I was also baffled, if impressed, when Sandvox offered me a choice between Facebook, Disqus, or IntenseDebate for comments on my site. Sandvox also boasts support for jQuery scripting, although its default version is several decimal points behind the latest one.

While the bare-bones basics of building a site couldn't be easier, trying to fine-tune those features quickly got more confusing. Sandvox crams all its customizing options into a small, floating, multi-tabbed Inspector window. It often took me a while to figure out which section I needed to visit to adjust the desired setting.

Sandvox also lacks support for responsive design. My test site showed up OK, if teeny-tiny, on my iPhone screen, but there's no way to create different layouts for different resolutions. Karelia says that ability, new designs, and other refreshes will arrive in future versions, possibly as soon as the end of this year.

During my tests, I encountered a handful of odd, inexplicable crashes while using Sandvox. None recurred consistently, or kept me from using or enjoying the program.

Sandvox's secret weapon

Sandvox gets one aspect of site creation wonderfully right: moving those pages onto the Web. Once you've wrangled the initial setup, its built-in FTP client lets you whisk any changes to your site onto your server with the push of a button. Some files didn't transfer the first time I uploaded my site, but a second try fixed that problem.
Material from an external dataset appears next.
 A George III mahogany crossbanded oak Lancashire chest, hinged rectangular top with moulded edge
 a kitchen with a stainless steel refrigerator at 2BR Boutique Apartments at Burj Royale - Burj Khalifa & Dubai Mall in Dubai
If even that sounds too intimidating, Karelia also offers Sandvox Hosting. From within Sandvox, I picked a user name, let Sandvox work with my Mac's keychain to generate a secure password, and in less than 30 seconds, I had my own account. You can set up your own custom subdomain at sandvox.net, or point your site to an existing domain name. Once I'd finished that setup, my sample site showed up on sandvox.net quickly and completely. (Unfortunately, Sandvox forgot all my original FTP settings once I'd switched to Sandvox Hosting; it must not expect most users to switch between them.)

Sandvox Hosting offers four plan tiers, starting at $8 a month for the basics. Higher tiers include one or more free domain names, multi-site management, and the ability to forward email from your site to your own private address. While Sandvox's rates weren't the cheapest I found, they seemed reasonably in line with most of the competitors I looked up. Karelia lets you try the service free for 14 days without even asking for your credit card info.

Bottom line

I had fun using Sandvox, despite its limited abilities and occasional clunkiness. I think it'd make a particularly great classroom tool to help students build online school projects. Sandvox aims to offer users the simplest way to make a website, and I think it succeeds handily.